TM2T: Stochastic and Tokenized Modeling for the Reciprocal Generation of 3D Human Motions and Texts

TL;DR

TM2T tackles bidirectional generation between 3D human motions and text by introducing motion tokens—a discrete, vector-quantized representation learned from data. The framework uses autoregressive NMT to map between motion tokens and text tokens and employs an inverse-alignment mechanism to regularize text2motion with motion2text, enabling non-deterministic, variable-length motion generation from text. Evaluations on HumanML3D and KIT-ML show state-of-the-art performance for both text2motion and motion2text, with extensive quantitative metrics and human studies. Limitations include quantization artifacts and challenges with long descriptions, suggesting future joint training and improved codebook optimization.

Abstract

Inspired by the strong ties between vision and language, the two intimate human sensing and communication modalities, our paper aims to explore the generation of 3D human full-body motions from texts, as well as its reciprocal task, shorthanded for text2motion and motion2text, respectively. To tackle the existing challenges, especially to enable the generation of multiple distinct motions from the same text, and to avoid the undesirable production of trivial motionless pose sequences, we propose the use of motion token, a discrete and compact motion representation. This provides one level playing ground when considering both motions and text signals, as the motion and text tokens, respectively. Moreover, our motion2text module is integrated into the inverse alignment process of our text2motion training pipeline, where a significant deviation of synthesized text from the input text would be penalized by a large training loss; empirically this is shown to effectively improve performance.

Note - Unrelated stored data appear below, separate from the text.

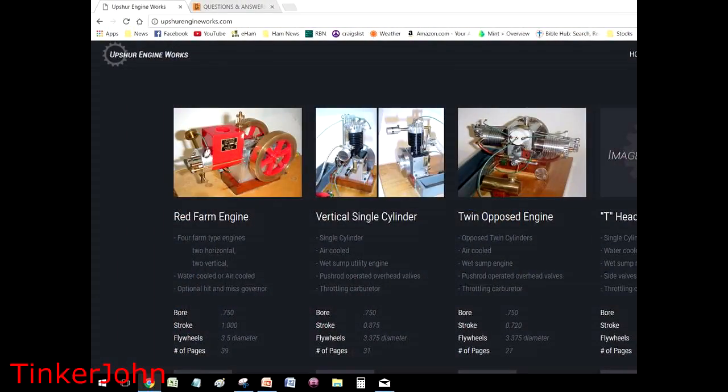Thanks for following along, sure do appreciate it. Here are a few slides that will take a look at the different engines that are available on the website and some things that you might want to consider. When you go to the Upshur engine website, this is the webpage that you'll pull up that has the plans on it.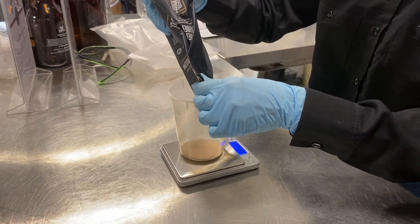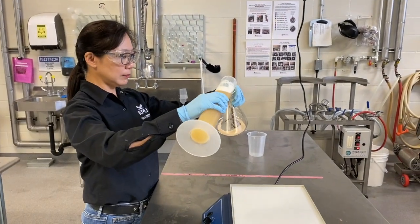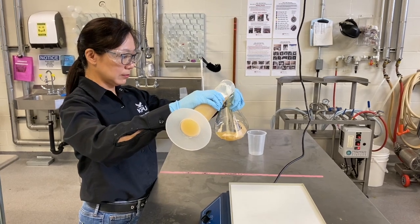Instead of a yeast slurry, you can also use 10 grams of dry yeast and add it to 500 milliliters of the wort.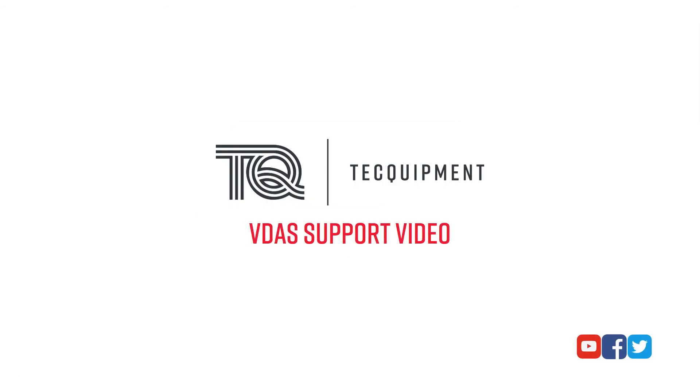And that's it for this Tech Equipment VDAS support video. If you have any questions, please feel free to ask them here on YouTube or via Facebook or Twitter. Thank you for watching.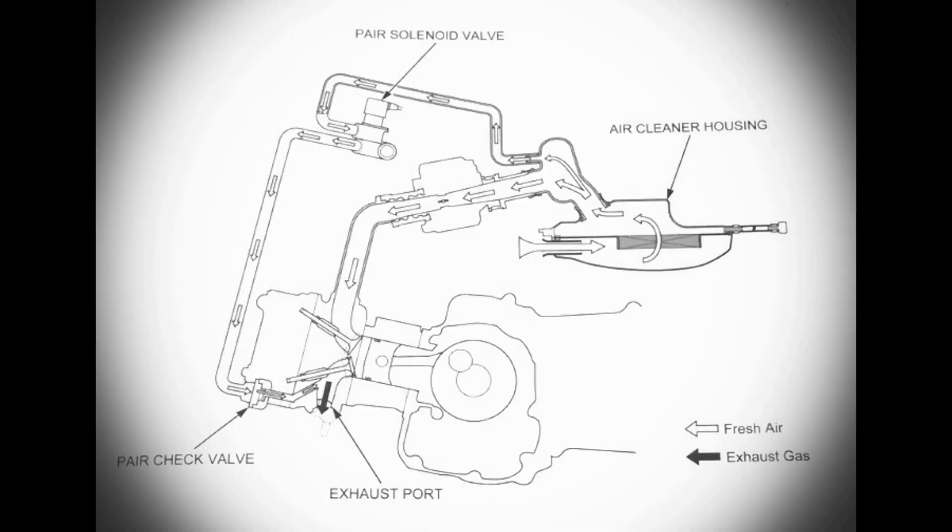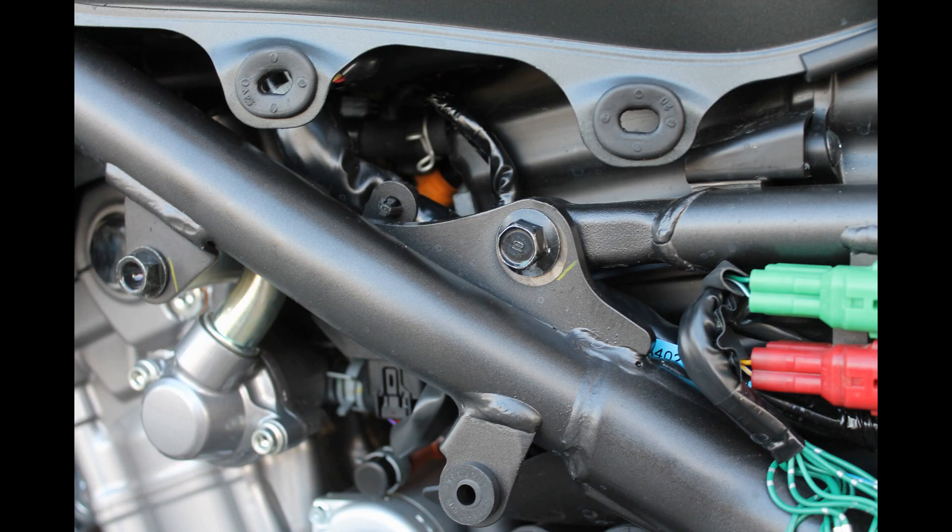Today we will be discussing capping your pulse secondary air injection valve, or pair valve. The pair valve is typically located on the exhaust side of the head. The pair valve is part of a secondary air injection system that injects fresh air into the exhaust system at the exhaust port. This causes the ignition of unburned fuel vapor before it leaves the exhaust pipe, and thins out the mixture with enough air to pass EPA restrictions.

Finally, the mappings in-between the two modalities of motions and texts are facilitated by adapting the neural model for machine translation (NMT) to our context. This autoregressive modeling of the distribution over discrete motion tokens further enables non-deterministic production of pose sequences, of variable lengths, from an input text. Our approach is flexible, could be used for both text2motion and motion2text tasks. Empirical evaluations on two benchmark datasets demonstrate the superior performance of our approach on both tasks over a variety of state-of-the-art methods. Project page: https://ericguo5513.github.io/TM2T/

Figures (9)

• Figure 1: An illustration of our bidirectional TM2T approach that captures the interplay between text (left) and 3D human motion (right) through the text2motion and motion2text modules. Note the stochastic nature of our text2motion module allows the generation of different 3D motions from the same textural description.
• Figure 2: Approach overview. (a) A 1D CNN based latent quantization model is firstly learned to reconstruct training motions. After training, a motion can be subsequently converted to a tuple of discrete motion tokens (i.e., codebook-indices). [BOM] and [EOM] are indicators of start and end added in a motion token sequence. (b-c) Mappings between motion and text tokens are modeled by autoregressive NMT networks and optimized by maximizing the log-likelihood of the targets ($\mathscr{L}_{NLL}$ and $\mathscr{L}_{NLL}^m$). (c) While training text2motion, motion tokens sampled from the resulting discrete distributions are inversely mapped to the text space via the learned motion2text model. Loss $\mathscr{L}_{NLL}^t$ penalizes the inverse alignment error. Finally, the 3D pose sequence is obtained by decoding motion tokens via the decoder $\mathrm{D}$ in (a).
• Figure 3: Exemplar results of motion tokens (middle) and their corresponding pose sequences (top and bottom). Here two 24-frame pose sequence examples are presented; each is reconstructed from a motion token sequences of size 6. Each motion token is associated with a specific local spatial-temporal context, visualized in 4-frame motions.
• Figure 4: Statistics of human preference amongst the generated descriptions for given human motions. For each method, a color bar (from blue to red) indicated the the percentage of its preference level (from least to most preferred).
• Figure 5: Examples of motion-to-text translation results from different approaches. Grammatical tense and plural of words are not considered for simplifying learning process. More results are provided in supplementary files.